Assignment: Quote all lines below exactly. Images stay out.

Segment Start: Collected material

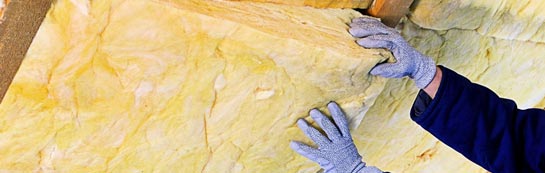 quotes for Ochr Y Foel roof insulation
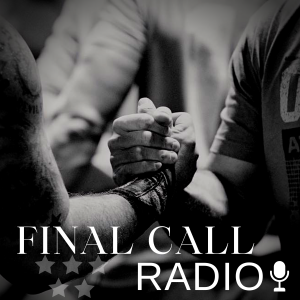 Final Call Radio-logo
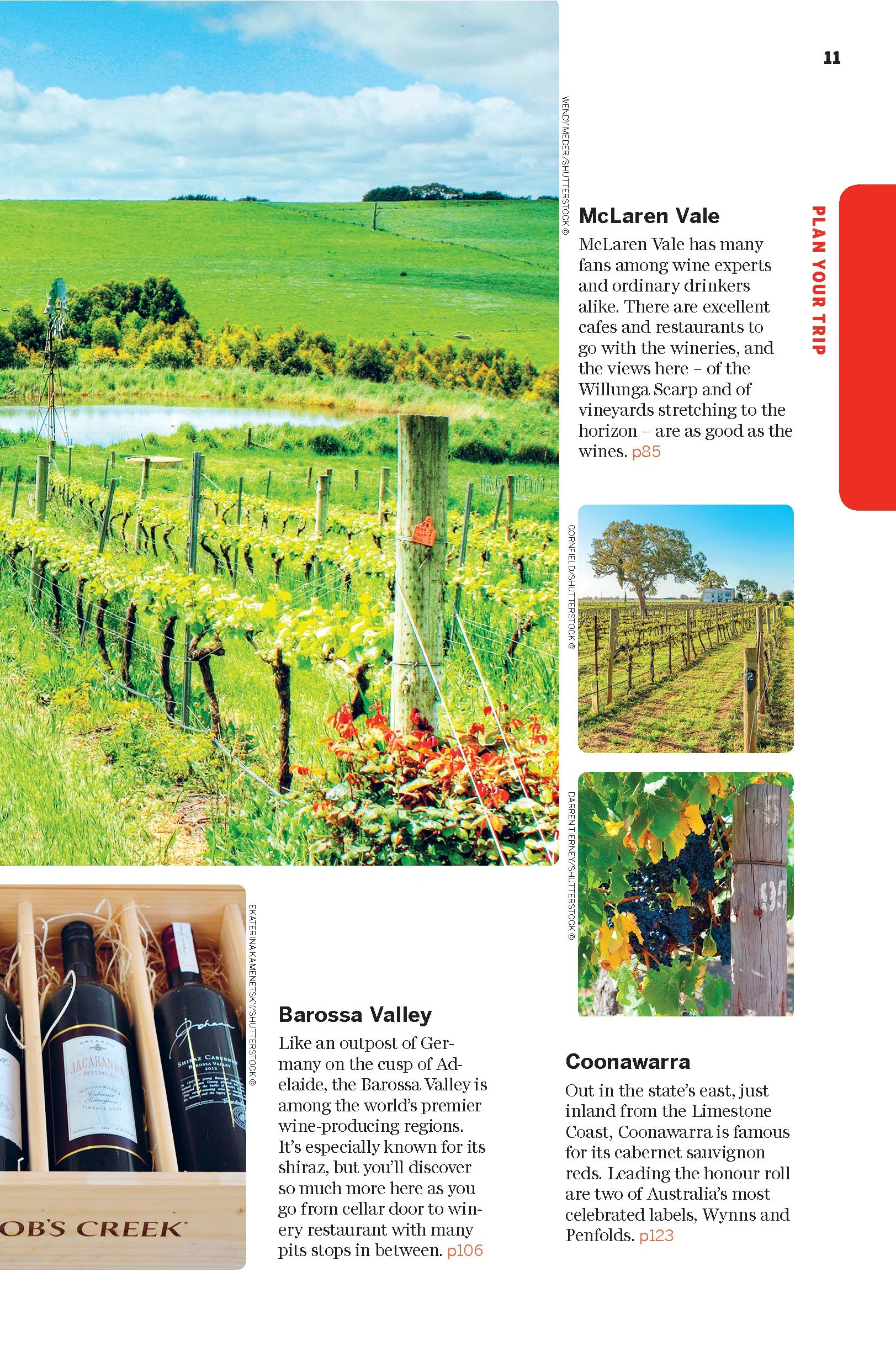 South Australia & Northern Territory - Book - Image 11
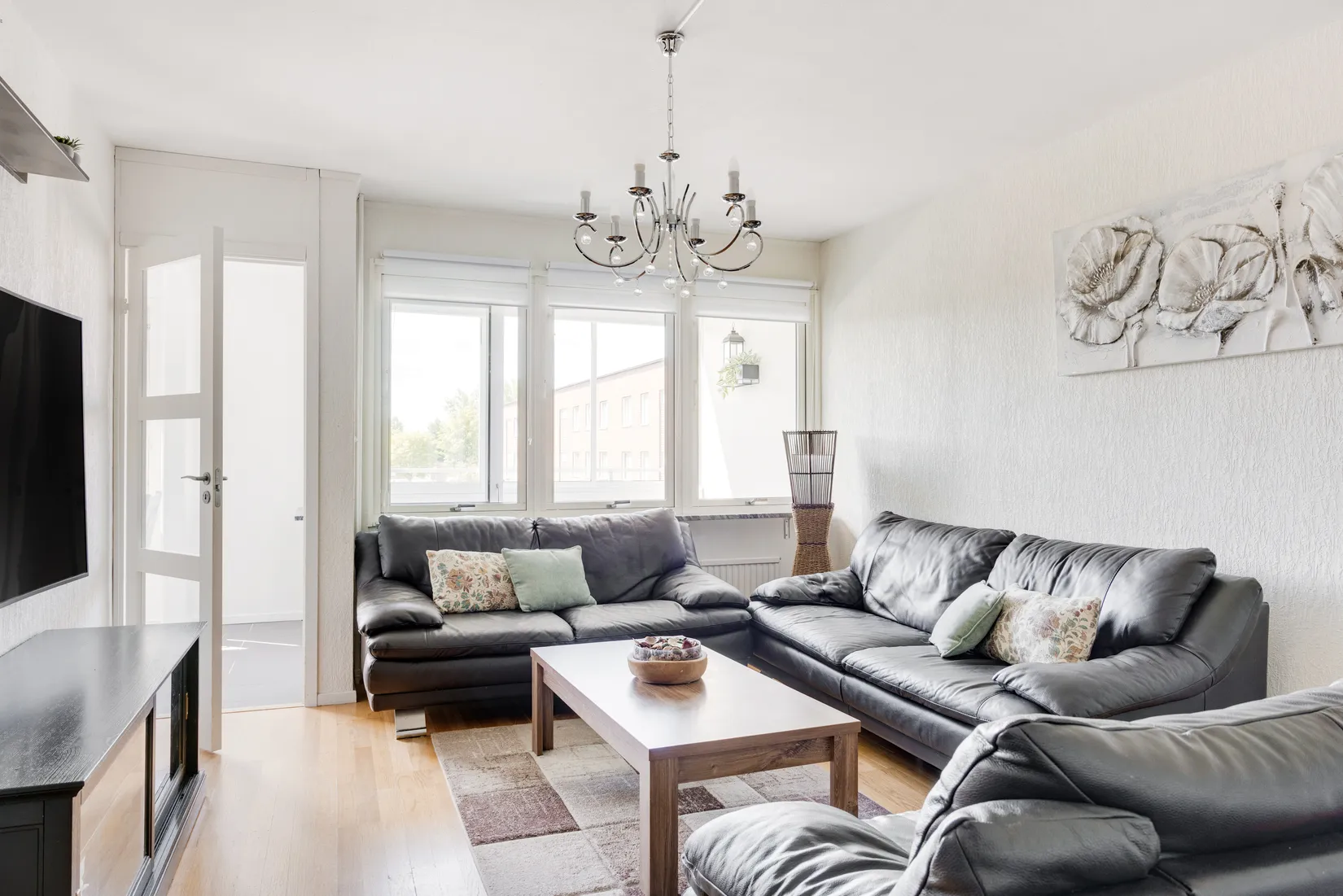 Bostadsrätt, Höjagatan 10, Röda Höja, Malmö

Segment End: Collected material

Written answer:
 quotes for Ochr Y Foel roof insulation
 Final Call Radio-logo
 South Australia & Northern Territory - Book - Image 11
 Bostadsrätt, Höjagatan 10, Röda Höja, Malmö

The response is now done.